Chercheur associé au Centre d’études et de recherches administratives, politiques et sociales (Ceraps) à Lille et enseignant, Thomas Kirszbaum dresse le bilan de vingt ans de renouvellement urbain. Il est l’auteur de Rénovation urbaine. Les leçons américaines (PUF, 2009) et En finir avec les banlieues ? Le désenchantement de la politique de la ville (Editions de l’Aube, 2015).
La loi Borloo de 2003 visait à développer la mixité sociale. Quel bilan tirez-vous de la rénovation urbaine ?
Dresser le bilan des deux décennies écoulées n’est pas facile. Bien que ce programme ait mobilisé des financements considérables, on ne s’est en effet jamais doté d’un système d’évaluation de son impact sur le profil de la population des quartiers.
Sur la base des travaux parcellaires dont on dispose, le bilan est plutôt décevant. L’offre résidentielle rénovée consiste, pour une grande part, en du logement social plus conforme aux normes contemporaines, mais aussi plus haut de gamme et plus onéreux. Des ménages un peu moins précaires se sont installés dans ces ensembles rénovés.
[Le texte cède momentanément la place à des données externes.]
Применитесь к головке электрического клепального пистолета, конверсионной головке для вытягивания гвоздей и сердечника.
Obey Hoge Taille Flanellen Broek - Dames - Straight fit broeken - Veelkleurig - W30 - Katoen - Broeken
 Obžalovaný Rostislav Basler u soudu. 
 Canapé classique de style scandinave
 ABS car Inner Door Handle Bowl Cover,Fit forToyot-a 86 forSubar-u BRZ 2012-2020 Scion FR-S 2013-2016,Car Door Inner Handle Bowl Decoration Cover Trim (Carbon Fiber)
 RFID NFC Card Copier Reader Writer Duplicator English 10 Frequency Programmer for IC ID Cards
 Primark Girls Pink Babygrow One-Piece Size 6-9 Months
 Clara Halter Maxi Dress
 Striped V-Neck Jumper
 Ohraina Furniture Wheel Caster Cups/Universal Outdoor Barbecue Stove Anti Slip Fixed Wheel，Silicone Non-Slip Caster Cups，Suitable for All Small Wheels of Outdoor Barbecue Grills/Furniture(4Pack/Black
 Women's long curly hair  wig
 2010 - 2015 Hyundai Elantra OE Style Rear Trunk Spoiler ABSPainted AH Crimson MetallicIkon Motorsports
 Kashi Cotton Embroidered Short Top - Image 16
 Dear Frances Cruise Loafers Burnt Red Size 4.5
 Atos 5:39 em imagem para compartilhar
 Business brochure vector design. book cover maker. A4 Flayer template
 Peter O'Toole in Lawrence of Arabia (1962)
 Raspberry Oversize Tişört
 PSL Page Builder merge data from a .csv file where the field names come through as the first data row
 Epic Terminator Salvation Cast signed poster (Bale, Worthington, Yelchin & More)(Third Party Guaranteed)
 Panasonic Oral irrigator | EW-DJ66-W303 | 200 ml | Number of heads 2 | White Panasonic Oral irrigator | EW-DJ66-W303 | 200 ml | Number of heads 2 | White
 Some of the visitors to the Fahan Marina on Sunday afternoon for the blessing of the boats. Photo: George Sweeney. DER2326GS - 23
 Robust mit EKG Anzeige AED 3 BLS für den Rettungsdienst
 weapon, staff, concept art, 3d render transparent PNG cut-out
Mais comme il s’agit souvent de populations racisées, certains considèrent que la mixité n’est pas au rendez-vous. C’est toute l’ambiguïté de cette notion qui peut être définie à partir de critères socio-économiques ou ethno-raciaux. La mixité sociale devrait d’ailleurs se travailler sur bien d’autres plans que la seule question du logement.
Comment favoriser la mixité sociale en évitant de réduire la part des logements destinés à l’accueil des ménages les plus précaires ?
Dans un monde idéal, il faudrait développer massivement le logement abordable dans les territoires riches en même temps que l’on réduit sa part dans les quartiers ciblés par l’Agence nationale pour la rénovation urbaine [ANRU]. Mais la loi « solidarité et renouvellement urbain » de 2000, qui impose des quotas de logements sociaux dans les communes riches, a montré ses limites : quand bien même les maires jouent le jeu de la construction sociale, ils veillent scrupuleusement à loger les habitants de leur commune au titre de la « préférence communale » inscrite dans la loi. L’effet sur la mixité est alors insignifiant.
Mais il faut surtout sortir d’une approche uniforme de la mixité. Il ne peut y avoir un schéma unique pour tous les territoires. Tout dépend de l’échelle à laquelle on regarde la ségrégation. Et dans certains contextes où le foncier est rare et cher, c’est la préservation du logement social qui favorise la mixité sociale, et non sa démolition.